На войне все оказалось не так, как представлялось на гражданке, - гораздо обыденнее, никакого романтизма. В один из вечеров он перевязывал раненых в мобильной санчасти. Это была простая рутинная работа. Он уже давно привык к этому - кровь, стоны, бинты - и выполнял работу автоматически. Вилли распечатал очередной бинт и стал его разматывать, думая о чем-то своем, как вдруг раздался громкий взрыв, а затем сразу стало тихо и наступила полная темнота.
Клиническая смерть длилась восемь минут, но для Вилли этот промежуток растянулся на много часов.

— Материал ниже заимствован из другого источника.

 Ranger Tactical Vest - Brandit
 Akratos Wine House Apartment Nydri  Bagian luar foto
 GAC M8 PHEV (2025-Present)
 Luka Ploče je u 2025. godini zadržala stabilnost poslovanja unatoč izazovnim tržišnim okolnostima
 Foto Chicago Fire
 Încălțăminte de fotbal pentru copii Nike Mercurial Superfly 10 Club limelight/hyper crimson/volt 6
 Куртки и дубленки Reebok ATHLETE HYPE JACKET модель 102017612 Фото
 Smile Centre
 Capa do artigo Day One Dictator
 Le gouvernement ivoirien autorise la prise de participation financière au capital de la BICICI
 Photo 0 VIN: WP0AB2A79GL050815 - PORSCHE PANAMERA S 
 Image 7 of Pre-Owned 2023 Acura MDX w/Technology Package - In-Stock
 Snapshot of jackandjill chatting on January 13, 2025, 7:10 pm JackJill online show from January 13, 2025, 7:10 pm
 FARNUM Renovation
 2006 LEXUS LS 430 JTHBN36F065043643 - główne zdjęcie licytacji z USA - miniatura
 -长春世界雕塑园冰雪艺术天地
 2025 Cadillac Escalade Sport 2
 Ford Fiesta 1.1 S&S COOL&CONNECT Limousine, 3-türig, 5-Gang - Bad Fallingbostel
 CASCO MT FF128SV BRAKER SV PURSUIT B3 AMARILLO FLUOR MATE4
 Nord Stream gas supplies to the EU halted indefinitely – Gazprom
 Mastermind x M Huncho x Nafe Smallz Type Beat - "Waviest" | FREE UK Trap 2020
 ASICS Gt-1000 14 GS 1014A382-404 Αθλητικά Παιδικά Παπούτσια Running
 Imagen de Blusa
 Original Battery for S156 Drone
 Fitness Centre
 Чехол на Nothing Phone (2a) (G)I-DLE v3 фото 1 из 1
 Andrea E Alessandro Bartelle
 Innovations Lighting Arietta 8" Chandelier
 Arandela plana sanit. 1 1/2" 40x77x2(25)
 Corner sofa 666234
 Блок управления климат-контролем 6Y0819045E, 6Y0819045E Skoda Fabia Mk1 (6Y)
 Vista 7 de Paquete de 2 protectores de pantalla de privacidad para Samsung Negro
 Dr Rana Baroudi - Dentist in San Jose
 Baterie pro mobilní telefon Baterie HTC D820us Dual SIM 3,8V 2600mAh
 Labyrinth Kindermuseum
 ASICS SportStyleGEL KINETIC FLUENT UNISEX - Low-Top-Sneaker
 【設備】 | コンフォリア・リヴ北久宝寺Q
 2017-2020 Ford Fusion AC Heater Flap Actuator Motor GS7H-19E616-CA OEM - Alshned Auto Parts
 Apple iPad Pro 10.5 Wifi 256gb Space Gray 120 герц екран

- Не было ни тоннеля, ни ангелов. Меня окружал солярис. Когда я пришел в себя, меня выкапывали из земли сослуживцы. После этого я как будто родился заново, - вспоминает Мельников. - Основной удар от взрывной волны пришелся на левый висок. Там, кстати, находятся отделы мозга, отвечающие за знаковые системы. После моей контузии заниматься языками стало гораздо проще. Я их не учу. Они автоматически включаются в мой обмен веществ.
Из 13 человек, находившихся в палатке, в живых остался только Вилли. Последствия контузии преследовали его еще три года. Вилли даже не отреагировал, когда ему рассказали, что случилось со стукачом из старой части.
- Ты представляешь, эта тварь продолжала доносить и после, - сообщил Вилли один из его знакомых. - При этом все прекрасно все понимали. И вот однажды он пропал. Его стали искать, но он как сквозь землю провалился. То ли дезертировал, то ли пропал без вести. Единственное, что нашли, - пряжку с обрывками ремня в цистерне с окислителем.
- Но поди разберись, чья эта пряжка, - хитро подмигнул приятель Вилли.
Вилли ничего не ответил.
После армии он устроился работать в НИИ вирусологии имени Ивановского. С тех пор он продолжает совершенствовать свои уникальные способности и в настоящий момент знает 103 языка. Он пишет экспериментальные стихи, а не так давно закончил книгу "Лингводайвинг".
- Нельзя сказать, что события, которые я пережил в армии, были приятными, - признается Вилли. - И все же без той истории с обвинением в шпионаже и Афганистаном я бы не стал самим собой. Так что, появись у меня возможность как-то изменить свою жизнь, я бы повторил все заново.